- Exercise directions
Give again the entries below exactly, beginning at the first line and ending at the line with "Carte Postale Othman".

- Records for processing
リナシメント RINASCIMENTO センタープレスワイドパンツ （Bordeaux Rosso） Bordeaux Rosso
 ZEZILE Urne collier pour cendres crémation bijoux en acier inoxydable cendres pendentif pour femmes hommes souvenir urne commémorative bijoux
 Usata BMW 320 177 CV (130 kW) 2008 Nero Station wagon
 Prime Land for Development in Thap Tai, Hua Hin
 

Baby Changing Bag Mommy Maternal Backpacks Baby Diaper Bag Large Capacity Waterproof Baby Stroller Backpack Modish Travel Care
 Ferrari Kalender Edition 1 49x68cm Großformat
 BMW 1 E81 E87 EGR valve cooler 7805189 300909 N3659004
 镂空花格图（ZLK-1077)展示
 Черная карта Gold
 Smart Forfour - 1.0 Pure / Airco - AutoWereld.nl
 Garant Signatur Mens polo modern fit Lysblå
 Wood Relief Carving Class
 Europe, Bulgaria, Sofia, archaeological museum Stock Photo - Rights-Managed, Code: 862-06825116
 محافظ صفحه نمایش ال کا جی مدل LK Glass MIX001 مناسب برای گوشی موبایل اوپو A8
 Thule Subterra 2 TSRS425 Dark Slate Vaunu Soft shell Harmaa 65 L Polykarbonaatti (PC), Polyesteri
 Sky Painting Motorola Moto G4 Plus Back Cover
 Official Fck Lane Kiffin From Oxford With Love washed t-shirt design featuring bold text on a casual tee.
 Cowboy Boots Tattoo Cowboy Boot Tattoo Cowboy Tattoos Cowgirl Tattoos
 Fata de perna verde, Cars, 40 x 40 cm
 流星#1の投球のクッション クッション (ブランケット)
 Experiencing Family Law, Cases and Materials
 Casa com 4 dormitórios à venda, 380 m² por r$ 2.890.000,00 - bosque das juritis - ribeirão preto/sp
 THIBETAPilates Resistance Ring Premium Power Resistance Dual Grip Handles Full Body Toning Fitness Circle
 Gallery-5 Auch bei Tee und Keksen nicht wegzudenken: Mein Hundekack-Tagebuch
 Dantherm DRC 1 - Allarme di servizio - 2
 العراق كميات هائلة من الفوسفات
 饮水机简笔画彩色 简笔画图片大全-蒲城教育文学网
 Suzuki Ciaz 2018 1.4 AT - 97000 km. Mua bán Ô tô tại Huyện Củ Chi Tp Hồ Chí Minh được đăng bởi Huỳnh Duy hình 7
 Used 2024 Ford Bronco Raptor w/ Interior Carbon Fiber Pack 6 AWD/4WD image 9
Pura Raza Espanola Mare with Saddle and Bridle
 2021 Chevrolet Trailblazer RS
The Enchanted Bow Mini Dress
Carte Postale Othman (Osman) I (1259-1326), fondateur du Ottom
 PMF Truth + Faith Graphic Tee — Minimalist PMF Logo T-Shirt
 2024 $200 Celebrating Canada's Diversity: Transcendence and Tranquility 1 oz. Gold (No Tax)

- Completed exercise
リナシメント RINASCIMENTO センタープレスワイドパンツ （Bordeaux Rosso） Bordeaux Rosso
 ZEZILE Urne collier pour cendres crémation bijoux en acier inoxydable cendres pendentif pour femmes hommes souvenir urne commémorative bijoux
 Usata BMW 320 177 CV (130 kW) 2008 Nero Station wagon
 Prime Land for Development in Thap Tai, Hua Hin
 

Baby Changing Bag Mommy Maternal Backpacks Baby Diaper Bag Large Capacity Waterproof Baby Stroller Backpack Modish Travel Care
 Ferrari Kalender Edition 1 49x68cm Großformat
 BMW 1 E81 E87 EGR valve cooler 7805189 300909 N3659004
 镂空花格图（ZLK-1077)展示
 Черная карта Gold
 Smart Forfour - 1.0 Pure / Airco - AutoWereld.nl
 Garant Signatur Mens polo modern fit Lysblå
 Wood Relief Carving Class
 Europe, Bulgaria, Sofia, archaeological museum Stock Photo - Rights-Managed, Code: 862-06825116
 محافظ صفحه نمایش ال کا جی مدل LK Glass MIX001 مناسب برای گوشی موبایل اوپو A8
 Thule Subterra 2 TSRS425 Dark Slate Vaunu Soft shell Harmaa 65 L Polykarbonaatti (PC), Polyesteri
 Sky Painting Motorola Moto G4 Plus Back Cover
 Official Fck Lane Kiffin From Oxford With Love washed t-shirt design featuring bold text on a casual tee.
 Cowboy Boots Tattoo Cowboy Boot Tattoo Cowboy Tattoos Cowgirl Tattoos
 Fata de perna verde, Cars, 40 x 40 cm
 流星#1の投球のクッション クッション (ブランケット)
 Experiencing Family Law, Cases and Materials
 Casa com 4 dormitórios à venda, 380 m² por r$ 2.890.000,00 - bosque das juritis - ribeirão preto/sp
 THIBETAPilates Resistance Ring Premium Power Resistance Dual Grip Handles Full Body Toning Fitness Circle
 Gallery-5 Auch bei Tee und Keksen nicht wegzudenken: Mein Hundekack-Tagebuch
 Dantherm DRC 1 - Allarme di servizio - 2
 العراق كميات هائلة من الفوسفات
 饮水机简笔画彩色 简笔画图片大全-蒲城教育文学网
 Suzuki Ciaz 2018 1.4 AT - 97000 km. Mua bán Ô tô tại Huyện Củ Chi Tp Hồ Chí Minh được đăng bởi Huỳnh Duy hình 7
 Used 2024 Ford Bronco Raptor w/ Interior Carbon Fiber Pack 6 AWD/4WD image 9
Pura Raza Espanola Mare with Saddle and Bridle
 2021 Chevrolet Trailblazer RS
The Enchanted Bow Mini Dress
Carte Postale Othman (Osman) I (1259-1326), fondateur du Ottom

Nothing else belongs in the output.